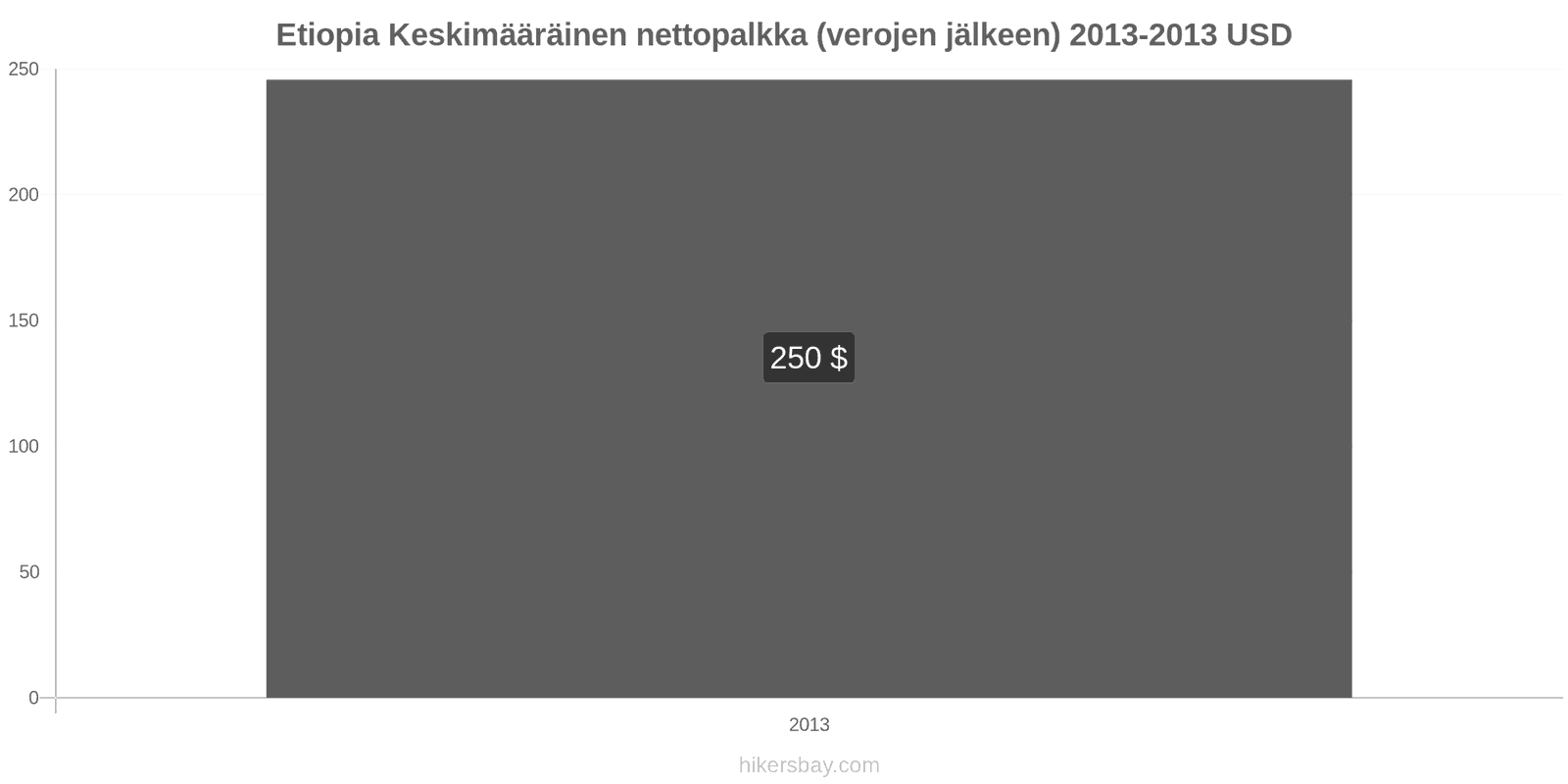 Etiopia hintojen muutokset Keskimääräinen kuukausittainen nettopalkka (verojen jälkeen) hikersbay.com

---

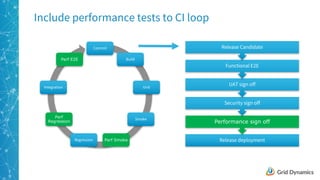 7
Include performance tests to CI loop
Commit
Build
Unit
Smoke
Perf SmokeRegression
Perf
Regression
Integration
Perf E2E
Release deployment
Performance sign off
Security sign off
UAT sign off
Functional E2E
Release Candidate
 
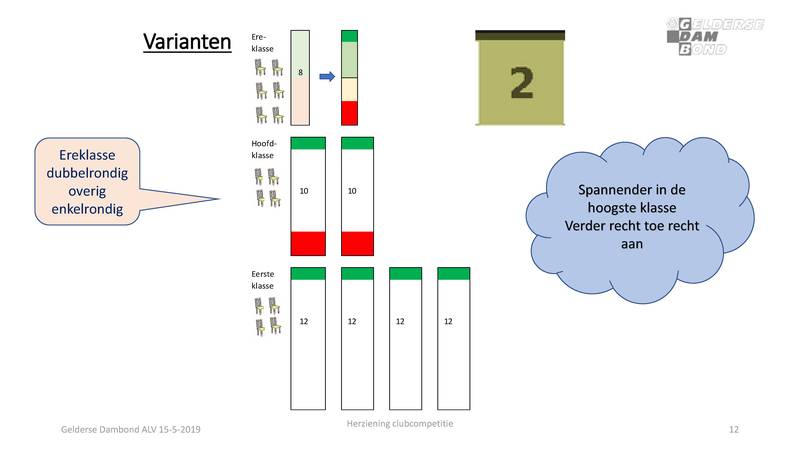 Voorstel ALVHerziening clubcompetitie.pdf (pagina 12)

* * *

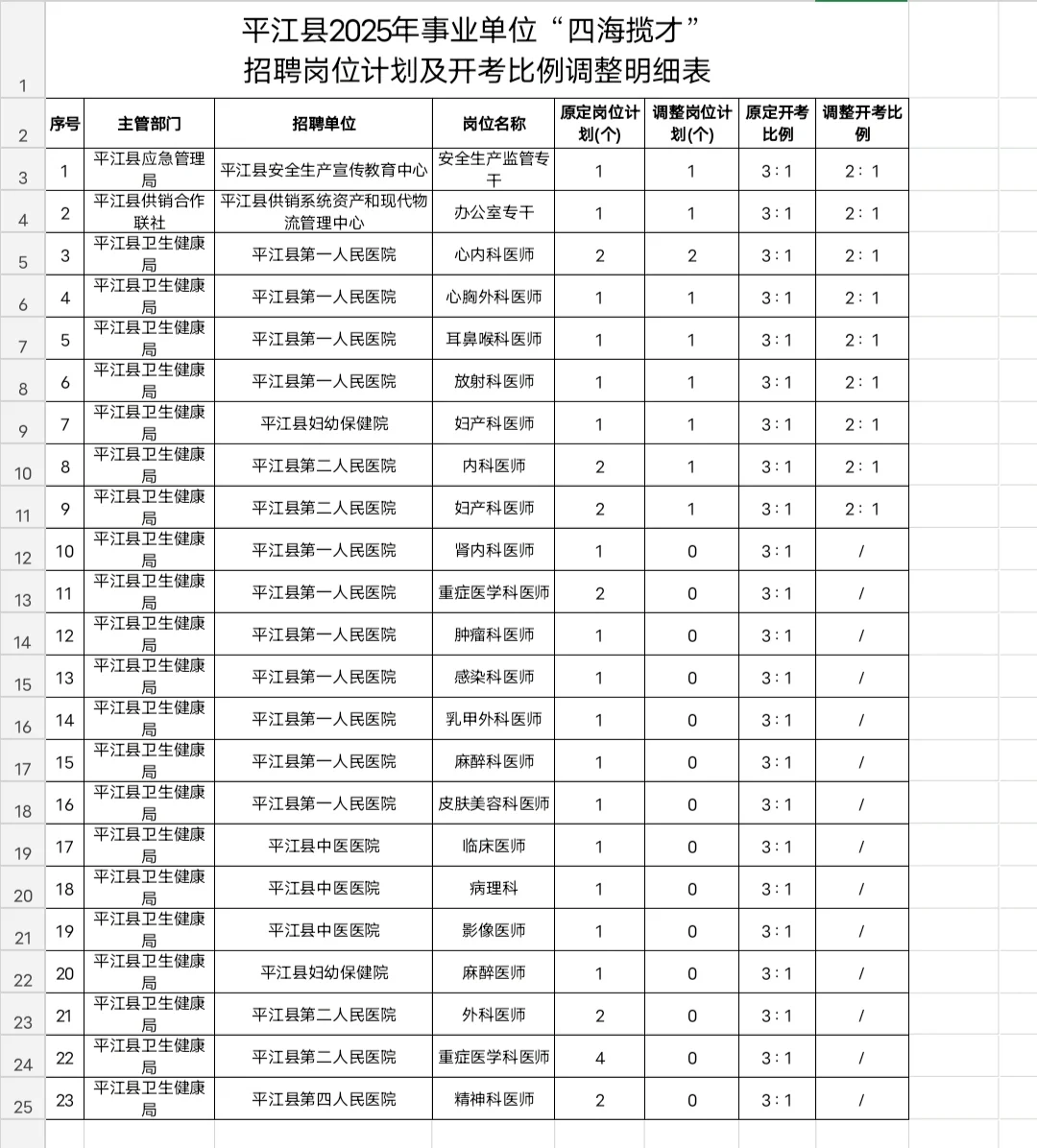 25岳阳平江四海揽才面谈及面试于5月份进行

- Task goal -
Pull every line with "sign" from the records.

- Output of the task -
Performance sign off
Security sign off
UAT sign off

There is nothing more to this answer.